== Data provided ==
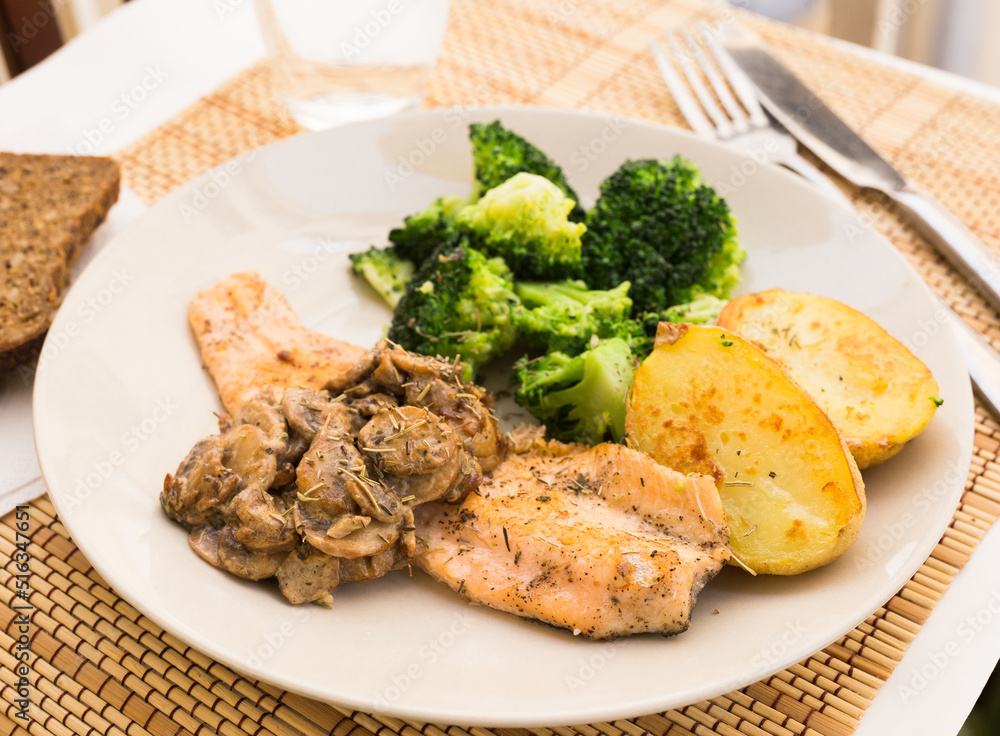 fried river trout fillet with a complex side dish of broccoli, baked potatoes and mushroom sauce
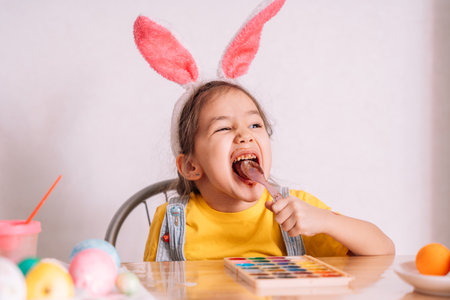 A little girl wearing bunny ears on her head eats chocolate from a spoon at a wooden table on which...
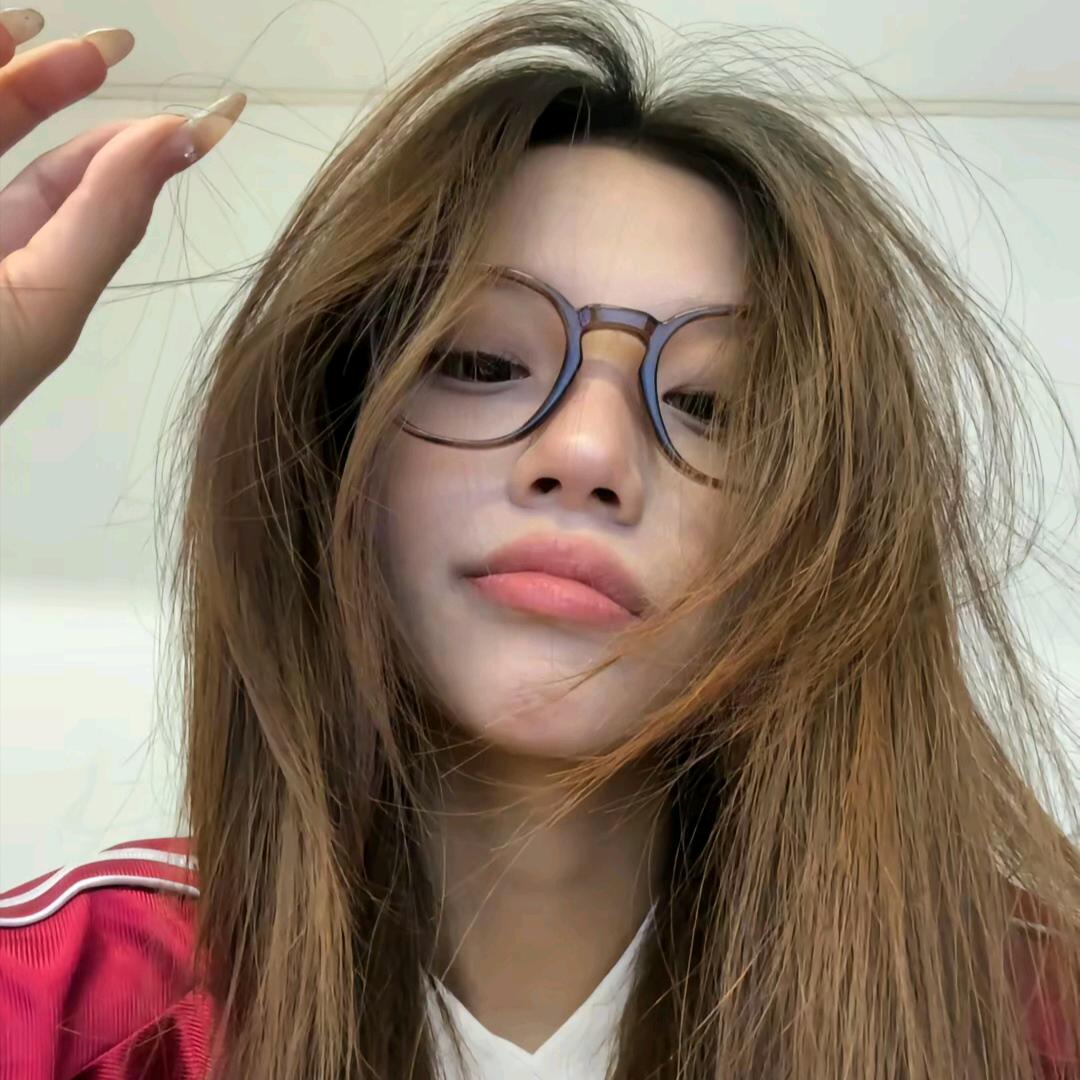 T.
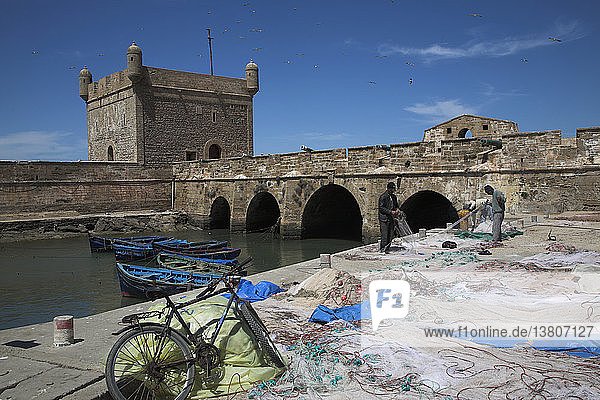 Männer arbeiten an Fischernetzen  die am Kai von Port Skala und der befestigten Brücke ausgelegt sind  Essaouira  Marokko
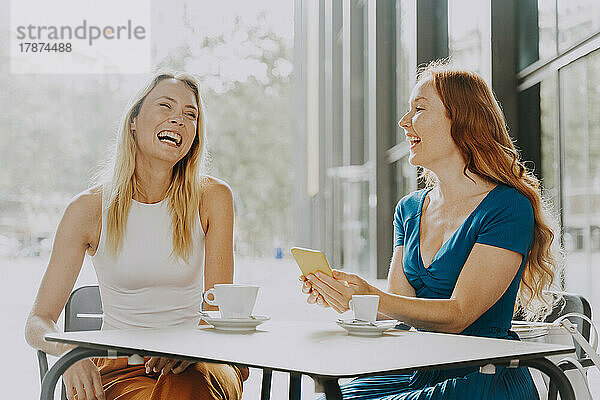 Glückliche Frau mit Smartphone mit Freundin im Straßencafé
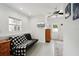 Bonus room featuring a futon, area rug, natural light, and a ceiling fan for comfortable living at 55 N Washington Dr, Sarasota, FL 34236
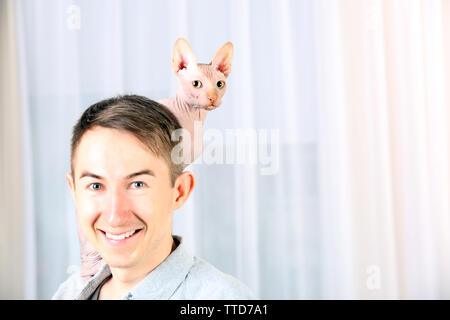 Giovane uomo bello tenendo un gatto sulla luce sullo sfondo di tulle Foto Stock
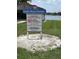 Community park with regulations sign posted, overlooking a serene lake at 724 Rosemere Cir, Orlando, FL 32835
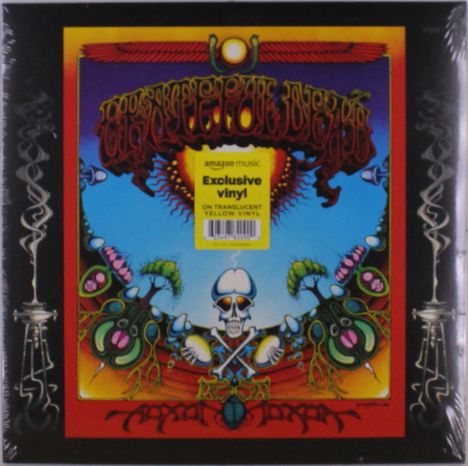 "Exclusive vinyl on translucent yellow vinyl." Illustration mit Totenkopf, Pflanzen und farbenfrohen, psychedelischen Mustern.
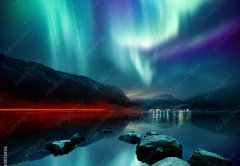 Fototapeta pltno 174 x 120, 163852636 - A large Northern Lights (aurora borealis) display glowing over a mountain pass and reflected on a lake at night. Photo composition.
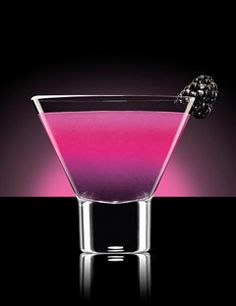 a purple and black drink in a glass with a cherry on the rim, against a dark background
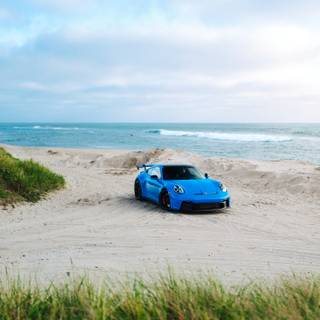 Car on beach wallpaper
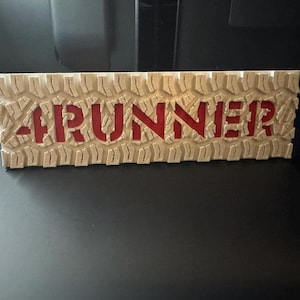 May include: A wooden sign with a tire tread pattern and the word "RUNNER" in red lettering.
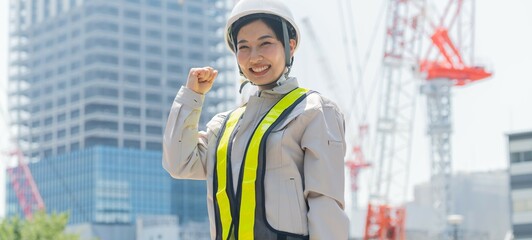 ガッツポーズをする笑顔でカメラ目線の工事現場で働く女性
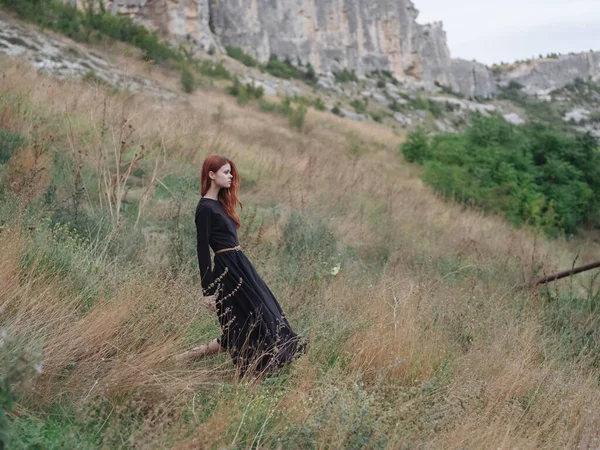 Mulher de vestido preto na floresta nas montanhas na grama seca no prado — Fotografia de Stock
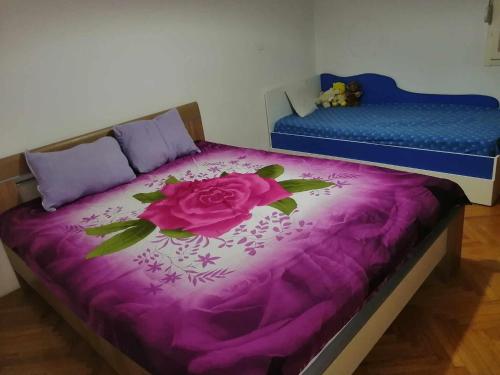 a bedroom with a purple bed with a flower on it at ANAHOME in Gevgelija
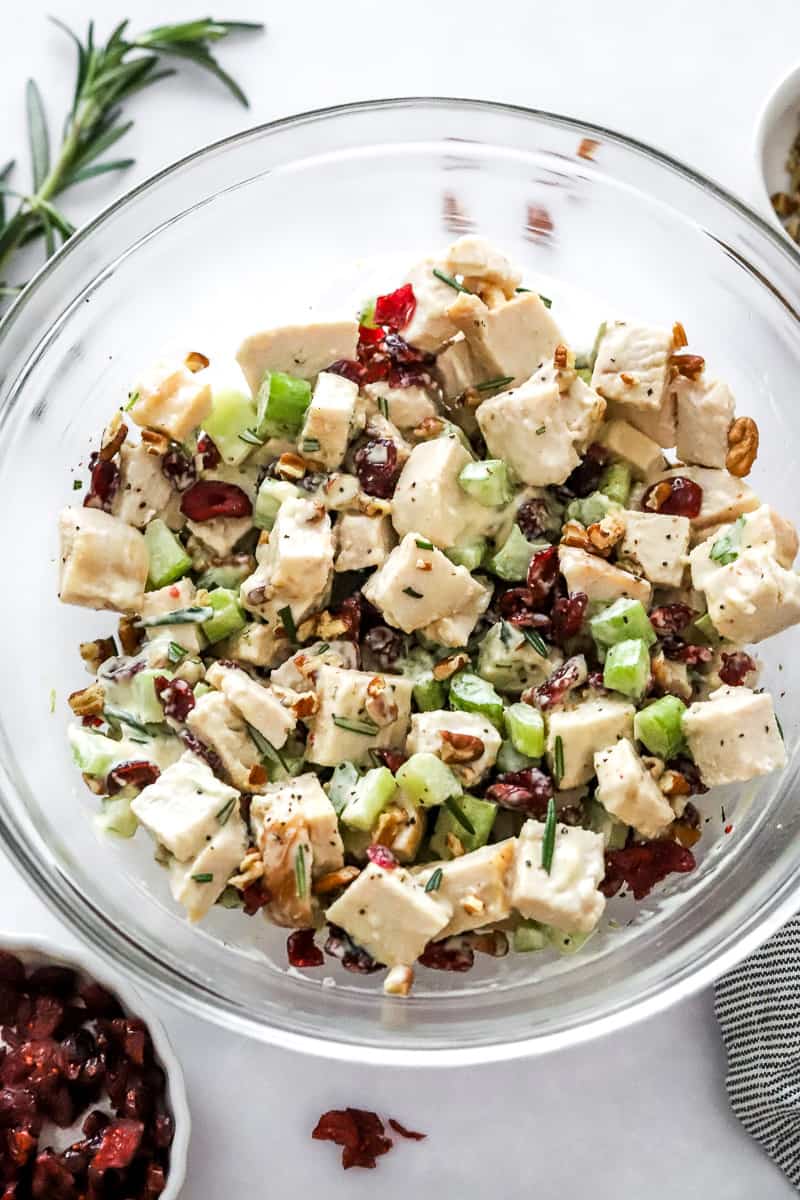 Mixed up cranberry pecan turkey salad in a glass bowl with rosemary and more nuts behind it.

== To do ==
In the material above, one part opens with the line containing "Bonus room featuring" and closes with the line containing "farbenfrohen, psychedelischen Mustern.". Write out that part exactly and skip its pictures.

== Response below ==
 Bonus room featuring a futon, area rug, natural light, and a ceiling fan for comfortable living at 55 N Washington Dr, Sarasota, FL 34236
 Giovane uomo bello tenendo un gatto sulla luce sullo sfondo di tulle Foto Stock
 Community park with regulations sign posted, overlooking a serene lake at 724 Rosemere Cir, Orlando, FL 32835
 "Exclusive vinyl on translucent yellow vinyl." Illustration mit Totenkopf, Pflanzen und farbenfrohen, psychedelischen Mustern.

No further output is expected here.